このうち、ステップアップ試乗会で乗れたのは MT-07 だけだった。乗ってみた感触はかなりよかった。大型の教習車より乗りやすいのではと思えるほどしっくりきた。ただちょっとすんなり乗れすぎて、物足りない感じもあった。その上位機種である MT-09 の展示もあった。じつはこのバイクは Vストローム250 とほぼ同じ重さなので気にはなっていたが、足が届かないおそれがあったので候補には入れていなかった。しかしいくつもの重量級バイクたち(スズキの隼とか…)に乗っているうち、あ、こっちも乗ってみるか、と欲がでた。

そうしたらむちゃくちゃ楽しかったのである!!!

排気量を感じさせない軽いフィーリング、走らせるのがとにかく楽しい。試乗なのに思わずスタンディングしてしまうぐらい楽しかった。なにこれ!すごい!ほしい!!!

心配されていた足つきもかろうじてクリア。あとから知ったがローダウンキットで着座位置を20mm下げることができ、そうなるとシートの地上高は 800mm で Vストローム250 と同じになる。乗るための物理的なハードルもなくなり、もうすでに購入が決まっていたようなものだったが、唯一にして最大のハードルがあった。価格だ。予算を大幅に上回っていた。

そこから苦難が始まった。
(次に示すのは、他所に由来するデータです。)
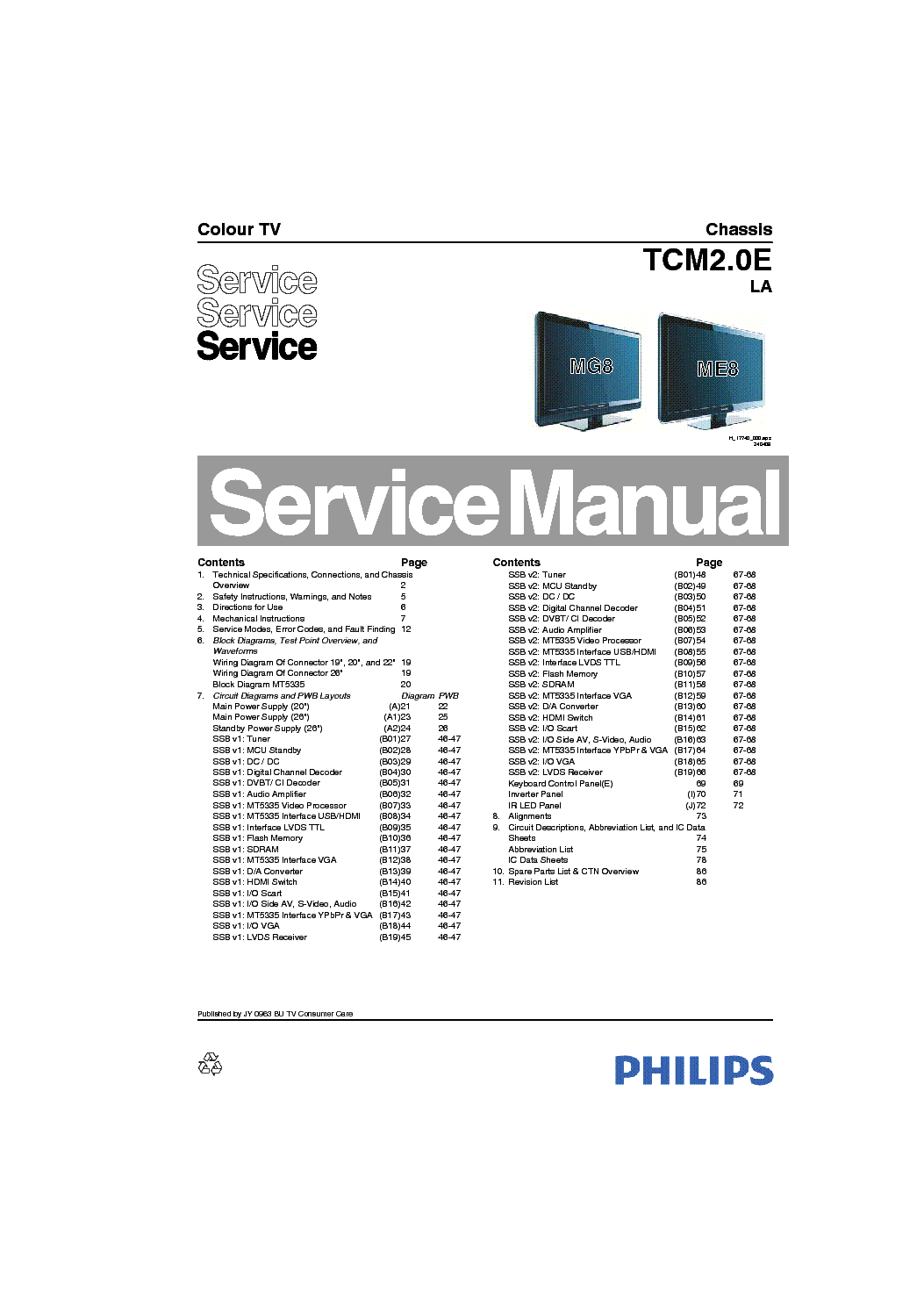 PHILIPS TCM2.0E LA CHASSIS LCD TV SM service manual (1st page)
予算内の SV-650 と GSX-8S にもその後試乗してみたが、同じメーカーのせいか乗り味が Vストローム250 にとても似ている気がして、嫌いではないのだが似たバイクは二台はいらないな…となった。(Vストローム250 を手放したくなかったのでそのような判断となっていた)Rebel500については、ホンダが Rebel E-Clutch を発表したときに 500cc だけ適用対象にならなかったことで、なんとなく気持ちがしぼんで、候補から外れた。
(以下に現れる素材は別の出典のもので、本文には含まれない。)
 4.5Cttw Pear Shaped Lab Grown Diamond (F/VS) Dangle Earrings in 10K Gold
それじゃあどうする? ほんとうに乗りたいのはなんだ? 私は MT-09 のことを忘れることができなかった。こうなると、もう覚悟を決めるしかない。

価格帯的にローンの適用も十分現実的ではあったが、私は可能な限り借金をしないで生きていきたい人間なので、それは避けたかった。Vストローム250も売りたくない、借金もしたくないとなれば、もうエイヤってしてあぎゃぎゃってする 1 しかない。住宅ローンを除けば人生最大の買い物だった。すごいストレスで胃腸をやられかけたので、もうやりたくない。

こうして、MT-09 SP 2024 が私のところにやってきた。ハイオクガソリンしか飲めないお嬢様だ。
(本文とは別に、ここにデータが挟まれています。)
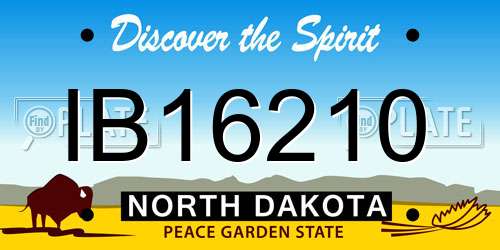 IB16210 North Dakota License Plate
買ってすぐ、道の駅めぐりに行ったり、500km/day ぐらい走ったりしたが、とにかくパワーがすごい。それでいて小柄で、停車時の取り回しも楽。動きが機敏。筋肉で身がひきしまっているアスリートのようだ。電子制御が満載の車体はサイバーでガジェット感にあふれている。令和のバイクである。

とにかく乗っていて楽しいが、音と振動が結構あるので、何泊もするようなロングツーリングは Vストローム250 のほうが疲れがこなくて向いていそうな気もする。そのへんも楽しみつつ、明らかにしていけたら、と思う。